GAN Deep Dive - Part 1
There have been a lot of recent HTC posts on the deep learning GAN architecture. Let's take a deep dive into how to code up different GAN architectures using the fastai api.
We're going to have several different posts that run through a number of different approaches to building GAN models. Keep in mind that the GAN sub field of deep learning is changing rapidly as more and more research is done. So we're going to be working through some of the historical developments in this series of posts.
Part 1 starts with Lecture 12 of the 2018 fastai course. The lecture starts off with taking a look at the DarkNet architecture used in YOLOv3. This is very interesting stuff, so feel free to check it out. But it doesn't really have anything to do with GANs directly.
The lecture then focuses on Generative Adversarial Networks (GAN) from 48.38 onwards. This later part of the lecture is our focus for this particular GAN Deep Dive post.
It starts by taking a look at the DCGAN architecture discussed in this paper.

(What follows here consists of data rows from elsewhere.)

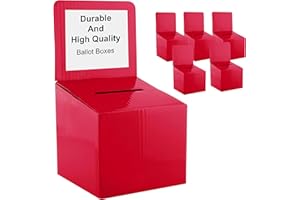 MY CHARITY BOXES Raffle Ticket Donation Collection Ballot Box Reusable Sturdy thick Cardboard with Slot comment Suggestion Box With Removable Header 6H x 6W x 6D, Display area 6H x 6W(Pink 5 pack)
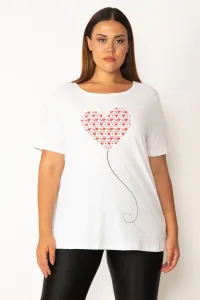 Şans Women's Plus Size White Cotton Fabric Heart Printed Blouse #9155398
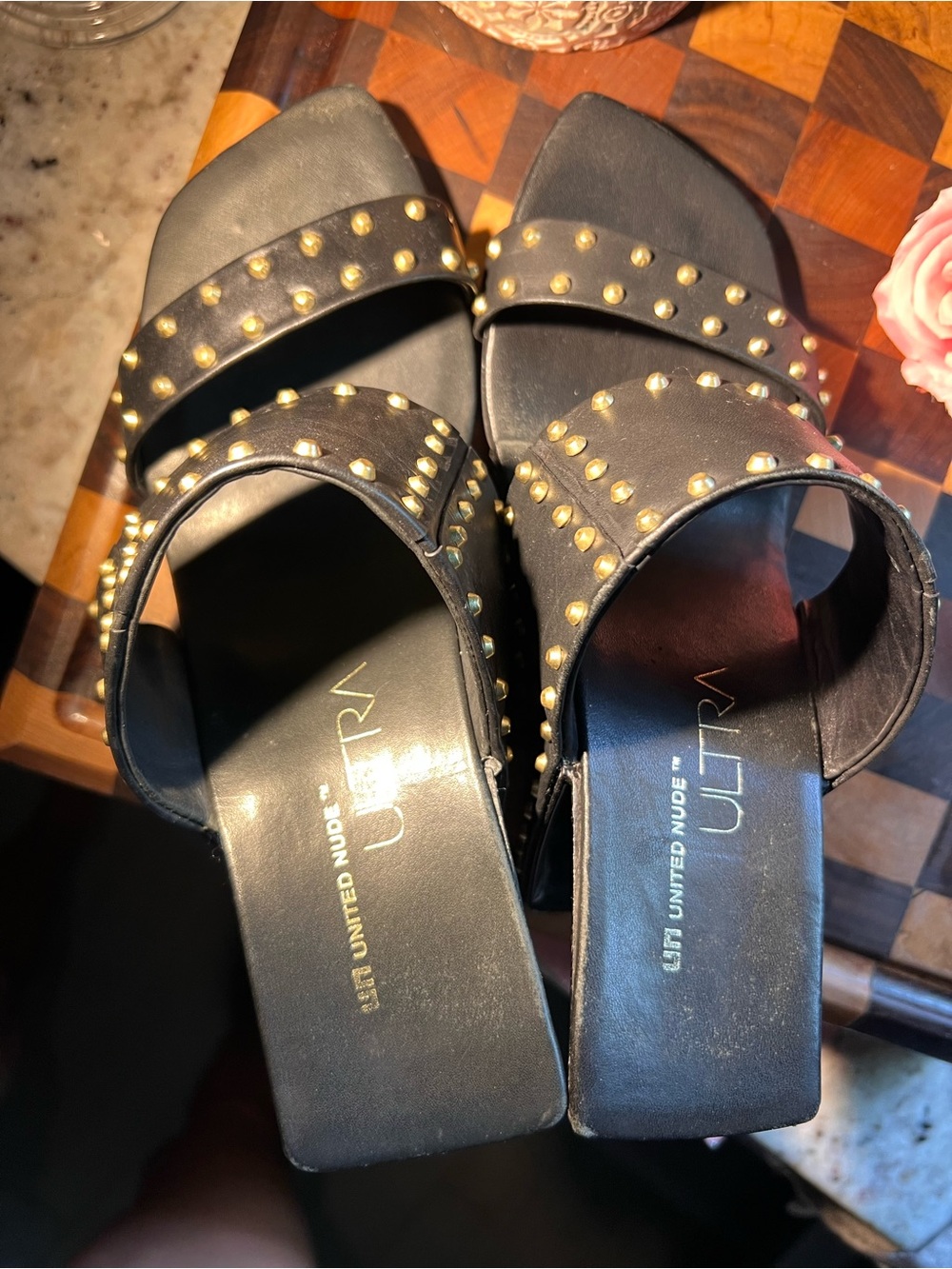 high style, United Nude Black w/ Gold Studs Two-Strap Heels - Picture 3 of 10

It then moves on to discussing the Wasserstein GAN. The Wasserstein GAN paper (and this followup paper) is really all about making GANs easier to train and more stable during training (avoiding mode collapse). You can think of mode collapse as a kind of overtraining, where the system memorizes a few specific correct output choices and then always generates them rather then the infinite variety of unique different outputs you really want the GAN system to generate.

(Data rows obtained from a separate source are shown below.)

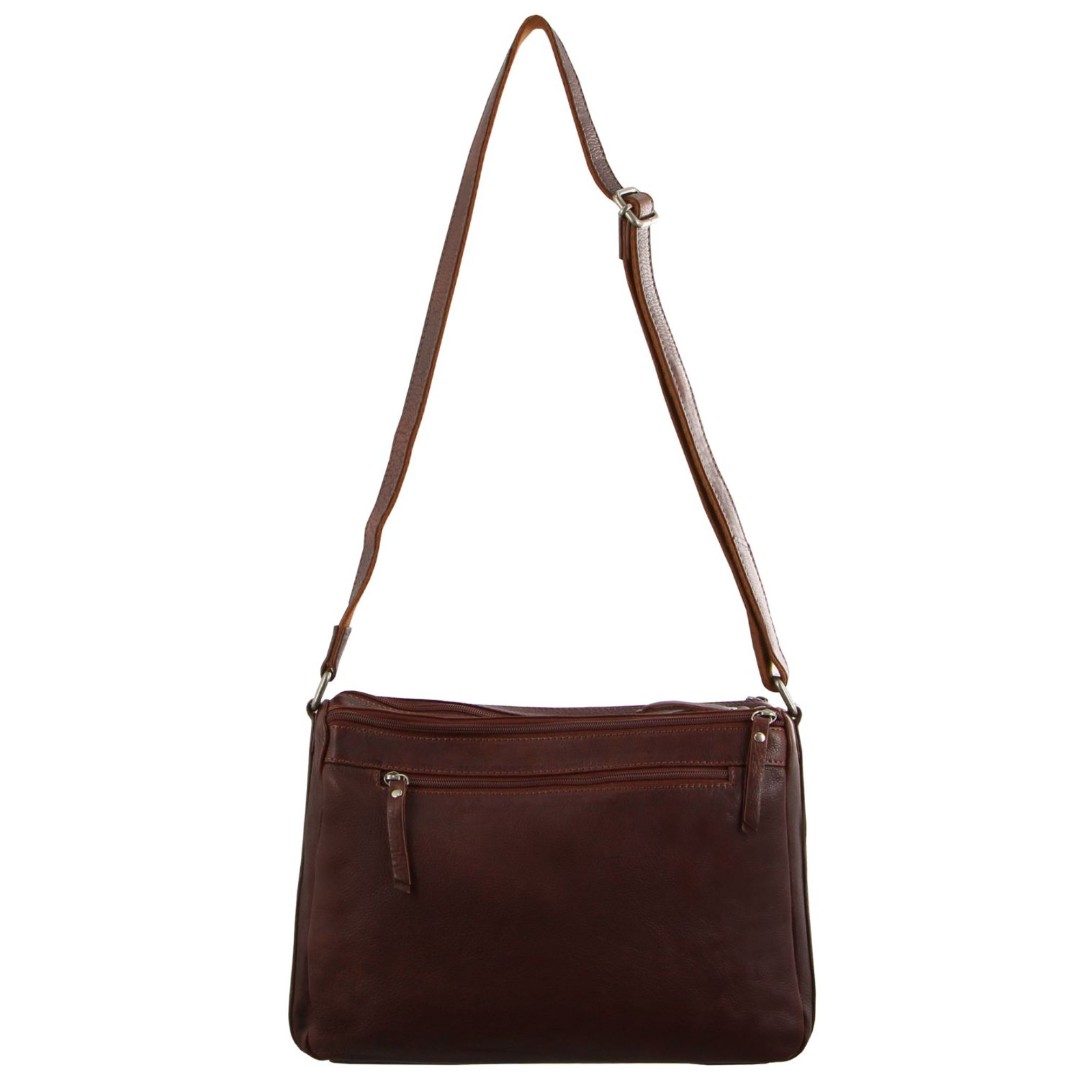 Milleni Ladies Nappa Leather Crossbody Bag in Chestnut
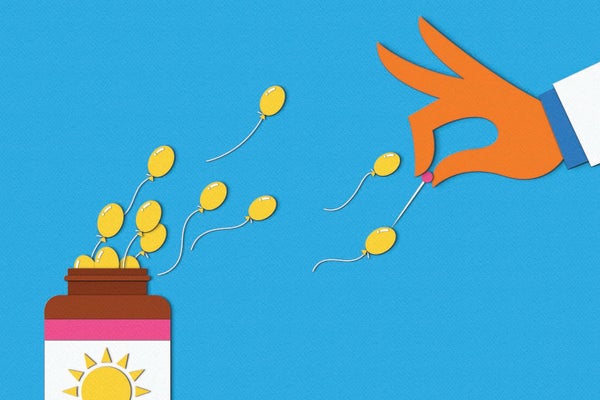 Illustration of a Vitamin D pill bottle with yellow balloons flying out of it, then being popped by a pin in a hand.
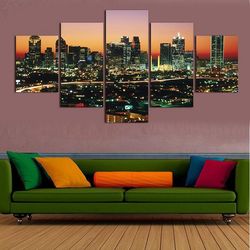 london city scenery nature 5 pieces canvas wall art, large framed 5 panel canvas wall art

Jeremy shows you how to code up both the DCGAN and the Wasserstein GAN using fastai api (v1, not v2).
He then shows off a fun graphical animation of how Convolution works as a lead in to talking about DeConvolution. Many early GAN papers had a visual checkerboard artifacts in their generated image outputs, he discusses why this occurred and how to get rid of it.
There's a great Distil article on Deconvolution and Checkerboard Artifacts he points out that you can read here.
Jeremy then moves onto covering the CycleGAN architecture. To get you up to speed on CycleGAN (or jog your memory if it seems familiar), we present a CycleGAN 2 Minute Paper Presentation below.
CycleGAN is pretty mind boggling when you first hear about it. The classic example of what you could do with CycleGAN is to train a system to automatically make horses look like they have zebra stripes.
Other examples might include taking a Monet painting and generating what the real world scene he painted might have looked like. Or automatically changing the sky in a photo from daytime to nighttime (or making a photo of a dry scene look like it is a wet rainy scene).
So the CycleGAN introduces the concept of using a GAN to visually edit an image (modify that image in some controllable way). You can read the original CycleGAN paper here.
Jeremy uses the code library from the original CycleGan paper above to implement his CycleGAN model. Probably because the paper only came out a few days before the lecture. He implements all of it in fastai api in a 2019 lecture in the upcoming Part 2 post of this series.
Here is a link to a very good blog post on Understanding and Implementing CycleGAN in TensorFlow.
The power of the CycleGAN architecture is the ability to learn image transformations without needing to have explicit one-to-one mapping data examples to train the model.
Note that this is different from other transformational models like Pix2Pix that require paired source-output data.
1: A big part of the history of GAN development involves working through different loss functions to use in the deep learning associated with the model to get better results.
Remember, any deep learning system is only going to optimize what you tell it to. And the loss function you are using in the deep learning model is what you are telling it to do. Using a crappy loss function for your particular problem equals crappy output from your badly trained model.
2: The Wasserstein loss function is really an approximation of something called Earth Movers distance. A great intuitive way to think about Earth Movers Distance is that it measures the amount of work you have to do to physically move one probability distribution to fit another probability distribution.
Jeremy does not discuss this in the lecture, and i really think it's the easiest way to understand what is going on in the Wasserstein loss function. BCE loss was originally used in GAN research, and Wasserstein loss was developed to try and overcome the limitations associated with BCE loss when training GAN models.
The 2nd Wasserstein GAN paper i mentioned above introduced a second trick, which is to clip the ends of the probability distribution. Clipping the weights of the network in practice. An alternative was to do is is to penalize large gradient values. Both of these are trying to ensure 1-Lipschitz continuity (1L continuity). You can think of penalizing large gradients as a soft way of doing weight clipping.
3: A Min-Max optimization objective is important in the CycleGAN work. What Min-Max means is that the system is trying to minimize one objective while it maximizes the other objective.
Where have you heard this principal before (competing objectives fighting it out)?
4: The fastai api and fastai courses are moving targets in some sense. Which is no different then the rest of the deep learning field. Things are changing at a very rapid pace.
Are there specific features associated with recent GAN research that still need to be implemented and incorporated into the fastai 2 api that addresses GANs?
5: We're using GAN systems that work with images in this post, but you certainly aren't restricted to only using GANs on imaging problems. The underlying principals being discussed in all of the HTC GAN posts can be applied to many different problem domains.
How can you use a GAN in a problem domain you are specifically interested in?